Attachments: 1. Exhibit 1 Draft Accessory Dwelling Unit Ordinance Amendments, 2. Exhibit 2 Draft Design Review Amendments, 3. Exhibit 3 Draft Work/Live Ordinance Amendments



Study Session to Review Proposed Text Amendments to the City of Alameda Zoning Ordinance (AMC Chapter 30) to ease restrictions on Accessory Dwelling Units, streamline Design Review for existing homes, modify the Work/Live Ordinance, and other miscellaneous administrative, technical, and clarifying amendments.  The proposed amendments are exempt from the requirements of CEQA pursuant to Public Resources Code section 21080.17 and CEQA Guidelines Sections 15282(h), which exempts ordinances implementing Accessory Dwelling Unit Law (Government Code Section 65852.2), 15061(b)(3), where it can be seen with certainty that the proposed zoning text amendments will not have a significant effect on the environment, and 15183, projects consistent with a community plan, general plan or zoning.




To:                     Honorable President and

                     Members of the Planning Board


From:   Andrew Thomas

                                Acting Planning, Building and Transportation Director


Date:                     June 24, 2019



The City of Alameda Zoning Ordinance establishes regulations and development standards for the use of land.

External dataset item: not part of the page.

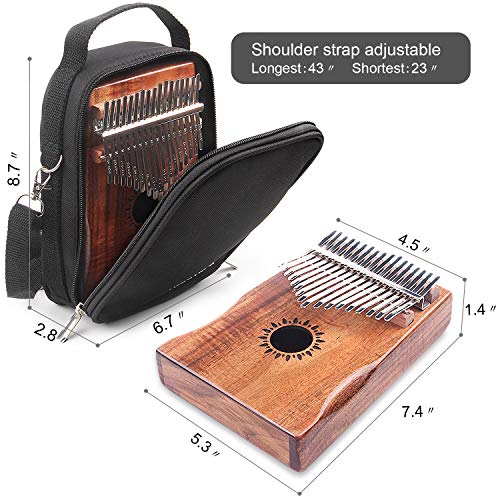 6 Kalimba+Portable+Finger+Beginners+Professionals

The purpose of these regulations is to protect public health, safety, and general welfare and ensure that public and private actions related to the use and development of land in Alameda is consistent with community expectations and priorities as articulated in the General Plan.

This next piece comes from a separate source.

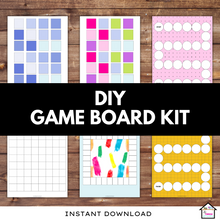 Load image into Gallery viewer, Free DIY Game Board Kit: Ignite Creativity in Kids!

On April 16, 2019, the City Council, at the recommendation of the Planning Board, endorsed an Annual Report on the status of the General Plan and Housing Element and directed staff to remove barriers to residential development, find ways to reduce housing costs, and make home improvements more affordable while implementing measures to address the City’s climate change emergency. 

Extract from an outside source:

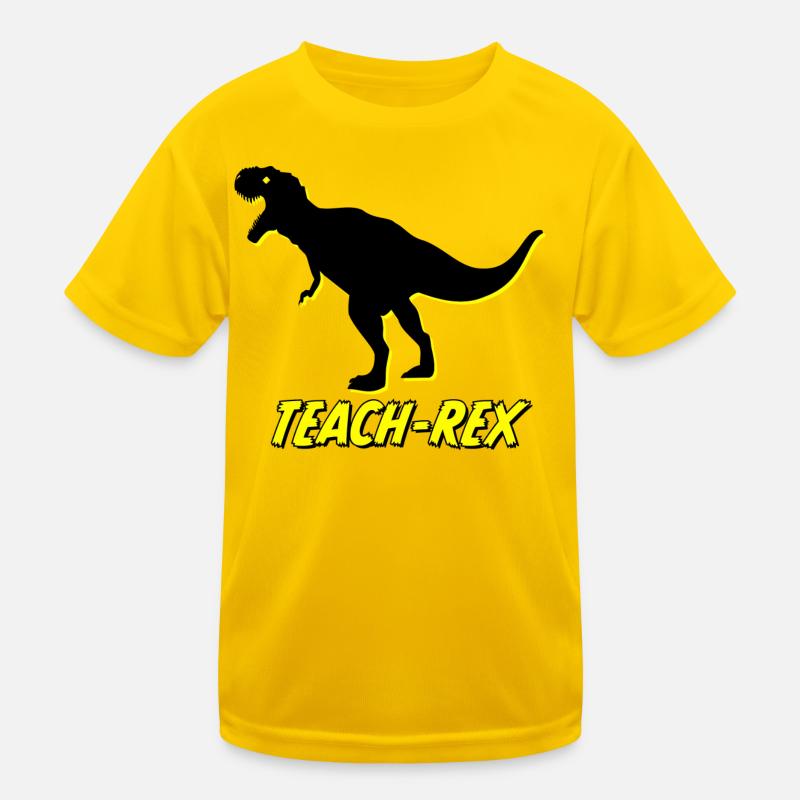 Teach-Rex Kids Functional T-Shirt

In response to these directions, staff has prepared the first package of zoning text amendments focused on removing barriers that make it difficult for property owners in Alameda to add an accessory unit or build a small addition at the back of their home.  Staff also proposes design review streamlining for climate change related improvements and clarifying and other amendments to the Work/Live Unit regulations. 

The purpose of this study session to give the Planning Board and the community an opportunity to comment on preliminary recommended zoning text changes.


Accessory Dwelling Unit (ADU) Ordinance Amendments: Facilitating Construction of Small Affordable Housing Units in Alameda

Prior to 2017, only two Accessory Dwelling Units (ADUs) were approved in Alameda during the previous eight years.  In 2017, the City Council adopted a new ADU Ordinance to bring the City’s ordinance into conformance with state law.  Since then, the City has passed inspections on 20 new ADUs.  While the number of ADUs has grown in the past two years, the ordinance continues to unnecessarily restrict Alameda property owners from adding small more affordable units on their properties.  In particular, the ordinance places restrictions on unit size, requires costly architectural ornamentation, and limits eligibility to current owner occupants.  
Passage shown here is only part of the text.